Southern Gothic me semble toujours un peu voyeuriste, probablement parce que c’est en fait du Southern Gothic américain, et je ne suis pas américain. C’est un genre profond et personnel, étroitement lié aux spécificités d’un grand endroit peu peuplé. Mais c’est aussi tellement universel : la surface est marécage, rouille, fleuve Mississippi, mais la substance est pure humanité. Histoire, pouvoir, morale. Peur et apathie et aliénation rampante. Donc : voyeuriste. Un monde de souffrance très personnelle que je regarde de l’extérieur.

Quoi qu’il en soit, Norco. Norco est le premier jeu d’une équipe appelée Geography of Robots, publiée par Raw Fury, qui a supervisé des choses comme Backbone, Bad North et le prochain Sable. C’est très gothique du Sud, et aussi un peu réaliste magique, un peu de fantasy sombre, et donc avec ça vient un peu de bagage. Il est écrasé, par endroits, de la même manière que Kentucky Route Zero ou Disco Elysium pourrait l’être, serpentant souvent dans une tangente verbeuse et abstraite qui n’ajoute pas beaucoup plus qu’un peu de bord. C’est aussi obscène, outrageusement joli, comme ils pourraient l’être aussi, et riche en symbolisme, imbibé de mystère, dégoulinant d’humeur. J’ai joué la première heure ou deux grâce à sa nouvelle démo Steam et je l’adore.

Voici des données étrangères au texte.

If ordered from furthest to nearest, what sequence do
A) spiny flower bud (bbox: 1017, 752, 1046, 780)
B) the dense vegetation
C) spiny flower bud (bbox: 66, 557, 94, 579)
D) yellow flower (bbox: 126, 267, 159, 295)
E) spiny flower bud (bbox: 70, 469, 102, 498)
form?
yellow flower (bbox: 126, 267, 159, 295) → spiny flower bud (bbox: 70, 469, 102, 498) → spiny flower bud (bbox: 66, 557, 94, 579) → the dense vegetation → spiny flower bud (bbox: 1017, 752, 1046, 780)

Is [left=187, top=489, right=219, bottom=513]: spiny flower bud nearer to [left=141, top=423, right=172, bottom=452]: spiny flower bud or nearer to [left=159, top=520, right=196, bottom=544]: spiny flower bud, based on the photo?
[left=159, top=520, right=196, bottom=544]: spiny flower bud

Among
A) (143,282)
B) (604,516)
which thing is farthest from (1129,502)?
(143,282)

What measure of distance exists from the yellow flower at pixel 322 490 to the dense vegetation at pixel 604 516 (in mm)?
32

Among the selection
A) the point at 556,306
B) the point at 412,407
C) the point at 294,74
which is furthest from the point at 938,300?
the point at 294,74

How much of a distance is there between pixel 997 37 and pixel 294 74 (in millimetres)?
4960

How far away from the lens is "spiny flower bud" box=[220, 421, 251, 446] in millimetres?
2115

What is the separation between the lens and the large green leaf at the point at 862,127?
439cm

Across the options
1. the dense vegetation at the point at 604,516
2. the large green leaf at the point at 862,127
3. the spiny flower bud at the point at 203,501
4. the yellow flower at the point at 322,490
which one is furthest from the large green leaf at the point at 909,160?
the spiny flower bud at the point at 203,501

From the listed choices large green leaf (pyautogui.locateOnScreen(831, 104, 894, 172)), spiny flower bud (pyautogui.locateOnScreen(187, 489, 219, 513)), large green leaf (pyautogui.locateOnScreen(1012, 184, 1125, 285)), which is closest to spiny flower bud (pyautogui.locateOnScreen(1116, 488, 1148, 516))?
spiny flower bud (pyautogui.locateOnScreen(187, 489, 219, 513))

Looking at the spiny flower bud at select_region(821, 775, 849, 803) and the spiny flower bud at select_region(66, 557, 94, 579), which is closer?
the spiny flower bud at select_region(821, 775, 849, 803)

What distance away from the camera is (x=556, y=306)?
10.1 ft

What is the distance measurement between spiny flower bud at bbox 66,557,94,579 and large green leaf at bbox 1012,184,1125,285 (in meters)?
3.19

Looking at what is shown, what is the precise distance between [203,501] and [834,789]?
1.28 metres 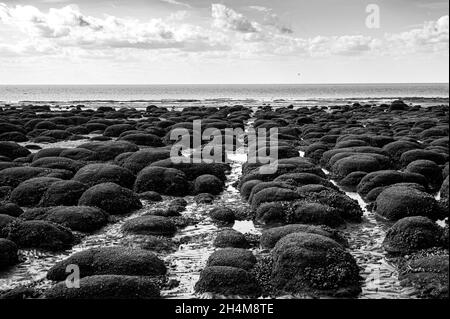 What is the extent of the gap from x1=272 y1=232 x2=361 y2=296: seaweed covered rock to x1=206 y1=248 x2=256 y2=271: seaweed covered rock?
0.91 metres

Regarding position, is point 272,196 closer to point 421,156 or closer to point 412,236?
point 412,236

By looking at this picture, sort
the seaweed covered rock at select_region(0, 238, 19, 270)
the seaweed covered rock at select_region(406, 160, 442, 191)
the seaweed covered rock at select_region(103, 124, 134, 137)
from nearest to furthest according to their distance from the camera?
the seaweed covered rock at select_region(0, 238, 19, 270), the seaweed covered rock at select_region(406, 160, 442, 191), the seaweed covered rock at select_region(103, 124, 134, 137)

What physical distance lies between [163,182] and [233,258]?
47.9ft

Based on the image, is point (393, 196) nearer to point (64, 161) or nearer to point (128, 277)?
point (128, 277)

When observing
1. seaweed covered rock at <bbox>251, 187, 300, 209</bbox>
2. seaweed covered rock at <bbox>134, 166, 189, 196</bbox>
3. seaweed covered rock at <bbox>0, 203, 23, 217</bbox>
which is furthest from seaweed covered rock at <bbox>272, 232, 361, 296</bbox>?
seaweed covered rock at <bbox>0, 203, 23, 217</bbox>

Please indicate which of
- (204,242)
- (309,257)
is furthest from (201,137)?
(309,257)

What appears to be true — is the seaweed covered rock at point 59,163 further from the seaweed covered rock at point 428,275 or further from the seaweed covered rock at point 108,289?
the seaweed covered rock at point 428,275

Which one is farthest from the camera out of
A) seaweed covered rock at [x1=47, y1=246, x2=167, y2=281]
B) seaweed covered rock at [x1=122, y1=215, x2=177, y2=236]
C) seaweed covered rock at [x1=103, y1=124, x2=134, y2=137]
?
seaweed covered rock at [x1=103, y1=124, x2=134, y2=137]

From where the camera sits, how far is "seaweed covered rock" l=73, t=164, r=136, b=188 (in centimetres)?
3109

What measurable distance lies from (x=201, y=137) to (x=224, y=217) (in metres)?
33.1

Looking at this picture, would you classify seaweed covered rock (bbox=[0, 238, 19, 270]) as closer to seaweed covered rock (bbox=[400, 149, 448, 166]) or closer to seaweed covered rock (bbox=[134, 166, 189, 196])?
seaweed covered rock (bbox=[134, 166, 189, 196])

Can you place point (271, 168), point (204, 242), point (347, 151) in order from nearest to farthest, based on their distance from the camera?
point (204, 242) → point (271, 168) → point (347, 151)

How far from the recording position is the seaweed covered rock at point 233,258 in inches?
690

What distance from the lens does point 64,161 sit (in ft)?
121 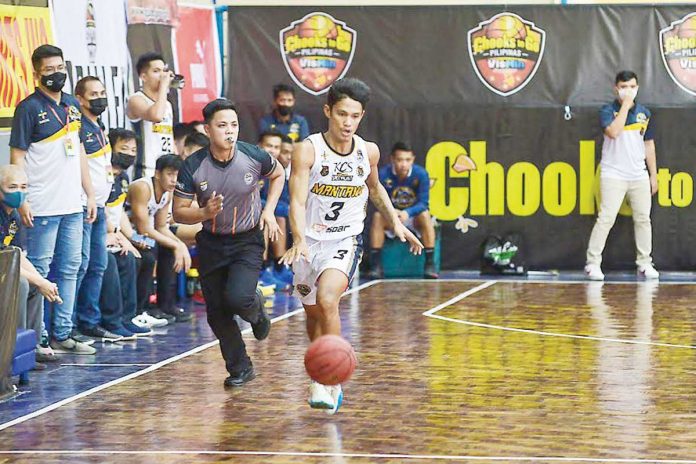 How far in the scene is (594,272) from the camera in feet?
53.9

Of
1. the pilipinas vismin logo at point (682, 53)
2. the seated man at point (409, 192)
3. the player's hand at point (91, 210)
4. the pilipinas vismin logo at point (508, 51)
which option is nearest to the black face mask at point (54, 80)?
the player's hand at point (91, 210)

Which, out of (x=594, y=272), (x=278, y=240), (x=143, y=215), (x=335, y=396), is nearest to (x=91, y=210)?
(x=143, y=215)

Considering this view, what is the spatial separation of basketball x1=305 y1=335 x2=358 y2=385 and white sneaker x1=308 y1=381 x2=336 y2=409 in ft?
0.84

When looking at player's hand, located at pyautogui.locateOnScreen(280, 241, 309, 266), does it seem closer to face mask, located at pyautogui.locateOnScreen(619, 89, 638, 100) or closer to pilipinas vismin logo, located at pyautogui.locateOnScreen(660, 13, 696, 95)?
face mask, located at pyautogui.locateOnScreen(619, 89, 638, 100)

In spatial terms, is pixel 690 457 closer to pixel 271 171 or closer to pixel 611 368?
pixel 611 368

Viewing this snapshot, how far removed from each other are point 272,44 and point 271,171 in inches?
337

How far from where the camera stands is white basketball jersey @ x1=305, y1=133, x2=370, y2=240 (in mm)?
8352

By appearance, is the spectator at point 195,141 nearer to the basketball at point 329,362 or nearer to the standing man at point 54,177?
the standing man at point 54,177

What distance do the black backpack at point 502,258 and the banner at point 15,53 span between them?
292 inches

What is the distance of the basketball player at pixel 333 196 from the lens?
26.8ft

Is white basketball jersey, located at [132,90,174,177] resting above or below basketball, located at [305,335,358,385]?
above

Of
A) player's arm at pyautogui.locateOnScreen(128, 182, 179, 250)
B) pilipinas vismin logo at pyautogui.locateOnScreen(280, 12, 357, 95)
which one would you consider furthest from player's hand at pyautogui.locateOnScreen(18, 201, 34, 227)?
pilipinas vismin logo at pyautogui.locateOnScreen(280, 12, 357, 95)

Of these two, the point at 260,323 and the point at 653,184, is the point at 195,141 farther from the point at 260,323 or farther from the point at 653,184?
the point at 653,184

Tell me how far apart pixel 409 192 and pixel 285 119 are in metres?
1.80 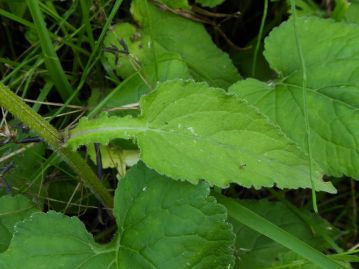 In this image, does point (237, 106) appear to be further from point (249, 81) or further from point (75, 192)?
point (75, 192)

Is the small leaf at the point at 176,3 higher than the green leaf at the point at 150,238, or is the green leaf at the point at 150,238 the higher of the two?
the small leaf at the point at 176,3

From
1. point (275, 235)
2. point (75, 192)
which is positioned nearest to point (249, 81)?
point (275, 235)

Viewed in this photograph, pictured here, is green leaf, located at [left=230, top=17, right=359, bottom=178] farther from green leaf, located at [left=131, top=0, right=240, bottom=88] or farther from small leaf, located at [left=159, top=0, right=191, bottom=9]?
small leaf, located at [left=159, top=0, right=191, bottom=9]

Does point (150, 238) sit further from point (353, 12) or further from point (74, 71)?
point (353, 12)

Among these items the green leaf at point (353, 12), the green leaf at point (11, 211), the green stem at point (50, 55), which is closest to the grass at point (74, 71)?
the green stem at point (50, 55)

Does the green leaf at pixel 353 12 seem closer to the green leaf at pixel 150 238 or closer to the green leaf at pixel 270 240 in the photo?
the green leaf at pixel 270 240

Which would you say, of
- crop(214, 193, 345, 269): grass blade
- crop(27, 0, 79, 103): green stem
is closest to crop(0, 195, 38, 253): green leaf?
crop(27, 0, 79, 103): green stem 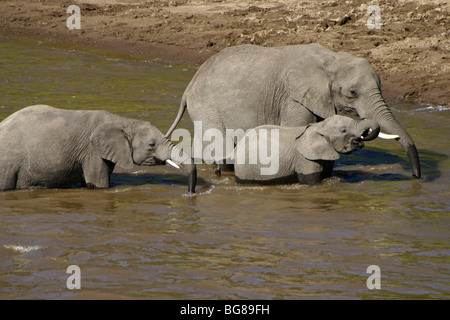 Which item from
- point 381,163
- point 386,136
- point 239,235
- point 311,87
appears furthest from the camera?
point 381,163

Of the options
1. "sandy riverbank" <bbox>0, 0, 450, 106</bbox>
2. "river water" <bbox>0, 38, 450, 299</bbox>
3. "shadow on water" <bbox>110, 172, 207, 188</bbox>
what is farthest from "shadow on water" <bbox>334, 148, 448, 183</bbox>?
"sandy riverbank" <bbox>0, 0, 450, 106</bbox>

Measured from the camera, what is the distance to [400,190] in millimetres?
8992

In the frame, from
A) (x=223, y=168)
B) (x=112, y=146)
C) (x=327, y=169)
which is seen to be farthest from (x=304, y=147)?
(x=112, y=146)

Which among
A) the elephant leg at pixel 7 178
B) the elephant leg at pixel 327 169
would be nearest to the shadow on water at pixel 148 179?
the elephant leg at pixel 7 178

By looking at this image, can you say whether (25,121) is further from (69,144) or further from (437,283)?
(437,283)

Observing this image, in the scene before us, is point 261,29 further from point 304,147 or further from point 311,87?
point 304,147

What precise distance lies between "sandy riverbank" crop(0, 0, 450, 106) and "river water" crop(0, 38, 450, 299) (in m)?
3.55

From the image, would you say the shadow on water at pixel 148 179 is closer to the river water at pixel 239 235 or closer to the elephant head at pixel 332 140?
the river water at pixel 239 235

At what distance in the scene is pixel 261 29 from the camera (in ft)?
57.2

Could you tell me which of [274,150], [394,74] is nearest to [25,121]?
[274,150]

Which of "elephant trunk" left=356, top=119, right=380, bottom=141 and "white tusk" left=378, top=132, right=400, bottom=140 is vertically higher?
"elephant trunk" left=356, top=119, right=380, bottom=141

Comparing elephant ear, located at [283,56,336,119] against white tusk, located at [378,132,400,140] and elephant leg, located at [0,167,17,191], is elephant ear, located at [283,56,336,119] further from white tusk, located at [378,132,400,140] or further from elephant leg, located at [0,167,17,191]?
elephant leg, located at [0,167,17,191]

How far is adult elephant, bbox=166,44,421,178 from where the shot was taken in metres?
9.18

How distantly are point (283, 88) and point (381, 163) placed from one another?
5.85ft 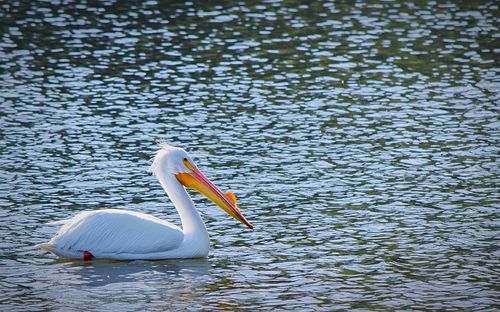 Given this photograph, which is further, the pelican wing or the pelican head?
the pelican head

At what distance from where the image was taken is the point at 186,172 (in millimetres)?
11844

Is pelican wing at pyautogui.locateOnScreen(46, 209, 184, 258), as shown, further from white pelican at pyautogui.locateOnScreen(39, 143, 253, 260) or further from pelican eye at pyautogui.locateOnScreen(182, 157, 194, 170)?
pelican eye at pyautogui.locateOnScreen(182, 157, 194, 170)

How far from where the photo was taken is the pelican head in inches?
464

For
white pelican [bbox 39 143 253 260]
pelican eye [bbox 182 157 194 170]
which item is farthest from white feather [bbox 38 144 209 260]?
pelican eye [bbox 182 157 194 170]

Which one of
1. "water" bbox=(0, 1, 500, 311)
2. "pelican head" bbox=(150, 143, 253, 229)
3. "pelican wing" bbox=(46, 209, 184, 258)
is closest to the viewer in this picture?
"water" bbox=(0, 1, 500, 311)

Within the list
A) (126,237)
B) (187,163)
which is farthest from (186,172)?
(126,237)

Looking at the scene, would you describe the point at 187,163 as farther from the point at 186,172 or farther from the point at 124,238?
the point at 124,238

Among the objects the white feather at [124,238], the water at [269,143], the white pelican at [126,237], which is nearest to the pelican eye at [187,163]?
the white pelican at [126,237]

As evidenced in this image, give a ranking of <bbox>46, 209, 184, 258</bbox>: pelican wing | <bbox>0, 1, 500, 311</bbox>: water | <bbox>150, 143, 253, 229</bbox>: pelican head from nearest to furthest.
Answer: <bbox>0, 1, 500, 311</bbox>: water
<bbox>46, 209, 184, 258</bbox>: pelican wing
<bbox>150, 143, 253, 229</bbox>: pelican head

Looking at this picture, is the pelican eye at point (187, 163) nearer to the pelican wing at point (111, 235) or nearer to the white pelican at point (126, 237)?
the white pelican at point (126, 237)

La bande-annonce captivante de Norco met l’ambiance

Le moment-à-moment est principalement des trucs pointer-cliquer. Vous obtenez un magnifique panneau de pixel art sur lequel vous pouvez vous frayer un chemin, découvrant autant ou aussi peu que vous pouvez être dérangé, et la chose étrange sera ajoutée à votre carte mentale, qui relie littéralement les petits fils d’informations que vous J’ai trouvé – ce mec mystérieux, ce frère troublé, ta mère malheureusement décédée. Plus vous poussez et tirez sur le monde, plus vous découvrez de petits mystères, plus il y a d’impasses, qui sont de vraies récompenses : un bâtiment inaccessible, un cheval qui traîne dans le brouillard vert bas d’un marais. Norco est organisé comme une série de ces endroits entre lesquels vous vous déplacez, ramassant de petits amas de peluche, de rouille et de boue, la mélancolie, la texture du monde, avec chaque indice.

« Les trucs sombres et lourds de Norco, et peut-être un peu trop amoureux de lui-même – mais il devrait en être ainsi. »

Il y a un peu de combat, qui est hystérique d’une manière triste – je me suis probablement gâché quelque chose en battant un pauvre salaud en colère par curiosité, autant que par désir réel, comme je finis souvent par le faire dans des récits ramifiés comme celui-ci. Il utilise un petit jeu de mémoire amusant, où les symboles clignotent dans un certain ordre et vous devez rapidement cliquer dessus correctement après, et une sorte de gros plan écoeurant de votre ennemi qui se sent un peu mal, un peu provocant, comme quand un le personnage des Simpsons fait face à la caméra. L’art des personnages me rappelle Hotline Miami, ce genre de visages horribles, ridés et flegmatiques que votre pote stoner dessine sur ces t-shirts qu’il essaie de vendre. Mais c’est bien horrible, horrible avec intention, c’est un personnage que vous êtes censé détester, censé détester rien de plus que son apparence et ses circonstances. Ce monde les a rendus pauvres, et leur pauvreté a conduit ce monde à les regarder avec mépris.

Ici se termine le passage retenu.